恋に焦がれたホタル(いち)

 


彼女に触れたいと、そう思い始めたのはいつだっただろうか。

サチが誰かと話す度に胸が痛んで、誰かに笑っているのを見る度に気分が悪くなる。

尾関サンと一緒に出掛けるなと言ってしまった時に、あの子はあまりにも素っ頓狂な事を言った。
私の気持ちを知られなかった安堵感と、サチの鈍感さに対する若干の苛立ちはない交ぜになって『無』に近付いた。

何も変わらずに、ただサチと過ごせたらいいのに。
新撰組の毎日は危険と隣り合わせだけど、それでも平和を守るのが仕事だから、サチと過ごす平和も一緒に守れたら全てが丸く収まる。

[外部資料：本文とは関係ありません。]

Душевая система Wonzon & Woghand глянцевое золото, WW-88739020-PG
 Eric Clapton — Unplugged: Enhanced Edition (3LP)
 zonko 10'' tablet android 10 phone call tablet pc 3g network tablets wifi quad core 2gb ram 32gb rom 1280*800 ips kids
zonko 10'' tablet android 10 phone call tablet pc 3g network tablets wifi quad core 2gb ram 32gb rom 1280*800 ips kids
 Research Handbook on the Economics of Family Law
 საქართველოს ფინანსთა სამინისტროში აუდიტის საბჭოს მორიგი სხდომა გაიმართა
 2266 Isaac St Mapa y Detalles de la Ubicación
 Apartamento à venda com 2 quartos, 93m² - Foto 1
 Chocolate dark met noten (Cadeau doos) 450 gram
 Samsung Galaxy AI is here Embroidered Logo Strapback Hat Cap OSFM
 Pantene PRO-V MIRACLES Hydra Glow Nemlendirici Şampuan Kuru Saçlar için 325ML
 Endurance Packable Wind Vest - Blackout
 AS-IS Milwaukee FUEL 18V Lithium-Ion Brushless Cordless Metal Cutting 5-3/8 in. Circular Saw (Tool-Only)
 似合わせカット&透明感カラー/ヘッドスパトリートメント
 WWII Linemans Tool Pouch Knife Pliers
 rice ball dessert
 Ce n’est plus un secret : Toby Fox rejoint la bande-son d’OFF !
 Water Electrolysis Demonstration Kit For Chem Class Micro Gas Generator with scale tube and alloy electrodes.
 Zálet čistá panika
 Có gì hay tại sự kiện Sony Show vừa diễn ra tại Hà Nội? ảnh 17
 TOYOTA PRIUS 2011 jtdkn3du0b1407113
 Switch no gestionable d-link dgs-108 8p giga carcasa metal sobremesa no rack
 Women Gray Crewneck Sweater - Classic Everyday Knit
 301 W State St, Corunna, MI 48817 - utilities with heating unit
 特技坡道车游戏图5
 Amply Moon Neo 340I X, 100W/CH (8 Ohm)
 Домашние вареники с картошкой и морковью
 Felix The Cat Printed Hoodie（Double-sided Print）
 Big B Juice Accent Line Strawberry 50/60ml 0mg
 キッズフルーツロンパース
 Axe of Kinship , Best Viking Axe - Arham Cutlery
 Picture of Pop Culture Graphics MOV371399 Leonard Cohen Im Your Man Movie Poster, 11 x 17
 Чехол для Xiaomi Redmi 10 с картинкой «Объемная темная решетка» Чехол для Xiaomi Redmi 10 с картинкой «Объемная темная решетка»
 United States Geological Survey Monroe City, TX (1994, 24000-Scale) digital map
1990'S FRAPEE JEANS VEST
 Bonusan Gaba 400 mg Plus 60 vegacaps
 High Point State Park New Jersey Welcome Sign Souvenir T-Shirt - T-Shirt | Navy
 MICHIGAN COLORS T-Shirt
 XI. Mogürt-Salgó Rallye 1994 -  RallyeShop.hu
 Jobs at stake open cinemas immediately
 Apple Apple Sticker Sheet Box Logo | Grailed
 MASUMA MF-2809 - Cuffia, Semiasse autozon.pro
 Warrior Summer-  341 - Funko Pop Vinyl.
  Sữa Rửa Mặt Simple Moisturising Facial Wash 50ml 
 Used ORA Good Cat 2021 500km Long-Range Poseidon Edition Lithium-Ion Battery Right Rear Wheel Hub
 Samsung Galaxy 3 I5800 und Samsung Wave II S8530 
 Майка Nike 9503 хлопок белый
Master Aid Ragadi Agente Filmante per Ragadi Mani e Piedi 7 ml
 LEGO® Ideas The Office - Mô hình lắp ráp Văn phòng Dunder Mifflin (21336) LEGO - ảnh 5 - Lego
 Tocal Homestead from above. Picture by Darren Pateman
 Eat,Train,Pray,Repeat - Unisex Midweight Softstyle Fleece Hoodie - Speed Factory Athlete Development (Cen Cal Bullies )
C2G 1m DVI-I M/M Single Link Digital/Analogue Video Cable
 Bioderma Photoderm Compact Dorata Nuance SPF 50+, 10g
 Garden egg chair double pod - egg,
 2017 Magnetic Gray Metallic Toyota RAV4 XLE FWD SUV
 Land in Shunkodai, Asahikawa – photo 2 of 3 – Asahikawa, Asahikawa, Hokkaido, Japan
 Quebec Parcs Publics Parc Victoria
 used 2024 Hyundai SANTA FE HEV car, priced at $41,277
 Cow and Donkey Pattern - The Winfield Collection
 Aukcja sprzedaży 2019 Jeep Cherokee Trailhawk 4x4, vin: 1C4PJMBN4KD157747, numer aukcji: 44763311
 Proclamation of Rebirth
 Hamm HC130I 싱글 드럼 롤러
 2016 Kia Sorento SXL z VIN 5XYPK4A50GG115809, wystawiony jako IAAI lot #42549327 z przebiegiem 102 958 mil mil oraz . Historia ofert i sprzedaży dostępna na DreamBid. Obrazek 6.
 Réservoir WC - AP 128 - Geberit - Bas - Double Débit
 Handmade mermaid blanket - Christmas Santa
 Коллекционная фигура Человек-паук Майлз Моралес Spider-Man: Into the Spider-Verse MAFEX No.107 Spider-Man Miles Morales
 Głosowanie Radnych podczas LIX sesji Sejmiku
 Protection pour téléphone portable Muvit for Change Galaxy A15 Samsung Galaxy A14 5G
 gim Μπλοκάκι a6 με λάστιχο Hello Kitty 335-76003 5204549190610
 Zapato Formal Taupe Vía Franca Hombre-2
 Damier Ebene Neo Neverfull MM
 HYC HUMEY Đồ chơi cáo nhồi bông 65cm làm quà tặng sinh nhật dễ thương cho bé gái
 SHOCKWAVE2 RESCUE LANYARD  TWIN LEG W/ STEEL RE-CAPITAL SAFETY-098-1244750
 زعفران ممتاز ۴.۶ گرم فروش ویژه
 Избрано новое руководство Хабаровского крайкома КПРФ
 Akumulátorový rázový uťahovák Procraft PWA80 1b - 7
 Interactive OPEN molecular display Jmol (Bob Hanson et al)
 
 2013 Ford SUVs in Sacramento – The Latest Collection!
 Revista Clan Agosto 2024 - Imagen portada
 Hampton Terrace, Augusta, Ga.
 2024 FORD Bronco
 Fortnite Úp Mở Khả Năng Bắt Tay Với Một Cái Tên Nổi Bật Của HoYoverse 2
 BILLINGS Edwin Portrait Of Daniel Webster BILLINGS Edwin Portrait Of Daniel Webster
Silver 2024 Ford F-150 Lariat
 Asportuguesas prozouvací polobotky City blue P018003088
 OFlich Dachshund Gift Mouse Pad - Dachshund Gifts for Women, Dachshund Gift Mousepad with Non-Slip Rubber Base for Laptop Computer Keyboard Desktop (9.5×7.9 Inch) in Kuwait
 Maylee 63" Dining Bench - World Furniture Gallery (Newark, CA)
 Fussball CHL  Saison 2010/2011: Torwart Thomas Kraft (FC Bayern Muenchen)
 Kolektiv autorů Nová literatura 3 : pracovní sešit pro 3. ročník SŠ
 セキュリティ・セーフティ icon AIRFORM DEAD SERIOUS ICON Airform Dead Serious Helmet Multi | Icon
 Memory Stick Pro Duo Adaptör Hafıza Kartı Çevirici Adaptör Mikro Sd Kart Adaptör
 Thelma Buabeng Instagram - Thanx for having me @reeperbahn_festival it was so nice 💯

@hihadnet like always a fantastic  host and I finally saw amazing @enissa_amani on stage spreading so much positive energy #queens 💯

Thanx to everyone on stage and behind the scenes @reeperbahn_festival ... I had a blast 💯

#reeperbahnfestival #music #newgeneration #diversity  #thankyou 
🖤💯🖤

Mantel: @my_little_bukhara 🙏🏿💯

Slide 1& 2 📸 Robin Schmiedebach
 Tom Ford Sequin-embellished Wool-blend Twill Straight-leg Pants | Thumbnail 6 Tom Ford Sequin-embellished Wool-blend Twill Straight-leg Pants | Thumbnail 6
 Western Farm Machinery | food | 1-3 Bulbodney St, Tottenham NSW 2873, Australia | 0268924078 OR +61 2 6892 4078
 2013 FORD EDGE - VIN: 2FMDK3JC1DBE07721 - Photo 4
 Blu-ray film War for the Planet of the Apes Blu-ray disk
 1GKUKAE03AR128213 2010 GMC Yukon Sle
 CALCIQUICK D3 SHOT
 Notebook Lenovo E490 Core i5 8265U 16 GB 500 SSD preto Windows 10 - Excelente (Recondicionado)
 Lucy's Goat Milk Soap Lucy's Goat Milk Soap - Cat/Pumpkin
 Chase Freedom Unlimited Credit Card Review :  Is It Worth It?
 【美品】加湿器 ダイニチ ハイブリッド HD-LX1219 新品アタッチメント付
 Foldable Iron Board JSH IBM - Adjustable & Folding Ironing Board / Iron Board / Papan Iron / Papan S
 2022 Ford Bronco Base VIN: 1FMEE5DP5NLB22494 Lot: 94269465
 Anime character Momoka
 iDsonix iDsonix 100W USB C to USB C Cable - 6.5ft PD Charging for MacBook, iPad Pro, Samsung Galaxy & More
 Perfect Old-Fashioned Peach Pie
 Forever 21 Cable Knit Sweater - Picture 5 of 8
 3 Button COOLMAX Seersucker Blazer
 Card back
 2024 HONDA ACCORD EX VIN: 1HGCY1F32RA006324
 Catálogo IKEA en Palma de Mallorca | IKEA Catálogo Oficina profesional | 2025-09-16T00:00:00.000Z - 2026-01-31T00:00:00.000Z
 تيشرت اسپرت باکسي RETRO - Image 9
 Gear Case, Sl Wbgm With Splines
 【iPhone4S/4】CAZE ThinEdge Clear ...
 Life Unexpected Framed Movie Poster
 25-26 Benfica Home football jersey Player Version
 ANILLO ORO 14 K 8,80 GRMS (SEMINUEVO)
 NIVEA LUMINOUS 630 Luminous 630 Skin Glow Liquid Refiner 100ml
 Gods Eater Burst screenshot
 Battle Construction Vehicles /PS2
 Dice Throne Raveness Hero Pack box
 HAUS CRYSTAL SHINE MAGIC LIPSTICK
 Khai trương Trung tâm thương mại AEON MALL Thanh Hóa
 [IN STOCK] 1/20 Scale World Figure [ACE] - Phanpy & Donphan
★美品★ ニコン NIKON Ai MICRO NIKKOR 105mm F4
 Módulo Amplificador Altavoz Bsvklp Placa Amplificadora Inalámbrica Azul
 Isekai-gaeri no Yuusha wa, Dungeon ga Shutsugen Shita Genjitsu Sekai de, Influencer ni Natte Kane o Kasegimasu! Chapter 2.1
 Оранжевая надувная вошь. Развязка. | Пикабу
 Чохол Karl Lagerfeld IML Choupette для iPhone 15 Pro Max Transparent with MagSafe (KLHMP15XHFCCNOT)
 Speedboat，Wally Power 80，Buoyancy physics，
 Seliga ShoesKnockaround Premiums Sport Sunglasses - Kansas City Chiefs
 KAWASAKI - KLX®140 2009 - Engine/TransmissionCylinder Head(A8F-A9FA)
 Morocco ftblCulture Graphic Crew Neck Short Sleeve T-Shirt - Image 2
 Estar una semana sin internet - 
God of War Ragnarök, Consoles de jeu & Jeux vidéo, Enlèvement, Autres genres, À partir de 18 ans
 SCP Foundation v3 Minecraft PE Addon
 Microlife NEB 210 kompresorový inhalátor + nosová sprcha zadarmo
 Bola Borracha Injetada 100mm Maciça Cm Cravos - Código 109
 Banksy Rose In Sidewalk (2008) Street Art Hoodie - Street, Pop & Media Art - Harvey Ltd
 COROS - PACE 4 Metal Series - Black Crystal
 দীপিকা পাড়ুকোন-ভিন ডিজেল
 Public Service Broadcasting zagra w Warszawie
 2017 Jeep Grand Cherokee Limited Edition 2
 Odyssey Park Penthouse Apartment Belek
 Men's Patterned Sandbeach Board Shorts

私は…山崎烝は、それほどまでにサチという女性に焦がれているのだ。



──それなのに。



「あ、山崎さーんっ。 サチちゃん、町で迷子になってたから捕獲したよー!」

「ほ、捕獲?! あ、あの、只今戻りました…山崎さんっ! すみません、道がわからなくなって…こう、まっすぐの道なのに迷うっていうのもおかしな話なんですが…、あの…すみません…」


「あははっ、サチちゃん謝りすぎ〜っ」



先日、迷子になっていたというサチが沖田サンと手を繋いで帰ってきた。
屯所の門を潜った辺りで離された二人の五指は、なんの意味もなく繋がれたものだと思う。
いや、そう思いたい。

私は、どうしても彼女が他の男と居るのが嫌で仕方なかった。



悋気を起こしてる場合じゃない。
前にそう言ったけれど、それでもやはり、嫉妬心はサチに固執して執着をしていた。
己自身の愚鈍な考え方にほとほと嫌気がさす。


笑ってくれるだけで良いと思っていたのは、もう過去の話なのかもしれない。

頭を撫でるだけでは物足りない。
初対面の時に手を握って感じた肌の柔らかさを、例え手袋越しでも知っているのだから。



「…はぁ」


溜め息は重く吐き出されて、海底に沈んでいるような圧迫感さえ感じた。
飴を置いていった彼女の背中を見ているしか出来なかった私は、懐紙に包まれた黄金色の飴をそっと握り締めた。


「…サチ」


きっと、彼女は傷ついたと思う。
非道く冷たい対処をしてしまった事を悔やみ、それでも優しく接しようとしてくれたサチの優しさに溺れた。

疲れている時は飴を舐めるといい。
そう言っていたのを思い出して、懐紙から一粒拾い上げた。

そのまま口に放り込めば、その見た目通りの味が口内を染めていく。


(…甘い)


まるであの子の存在を思わせる甘さだ。
疲れを癒してくれるというそれだって、サチと同じじゃないか。

その飴に歯を立てて噛み砕けば、塊はいとも簡単に砕けた。


飴玉のようなサチ。
謝る癖の抜けない、気の小さな彼女を傷付けるのだって、今みたいに簡単だ。

砕けた飴は先程よりも甘さを口の中で主張し始める。
傷付けてしまったサチも、この飴のように甘さを主張してくれるハズだ。
それともこれは、私が良いように考えすぎなのだろうか。


放っておいてほしいのは本心だ。
けれど、その所為でサチが私以外の場所を拠り所としてしまうのならば、それではあまりにも報われない。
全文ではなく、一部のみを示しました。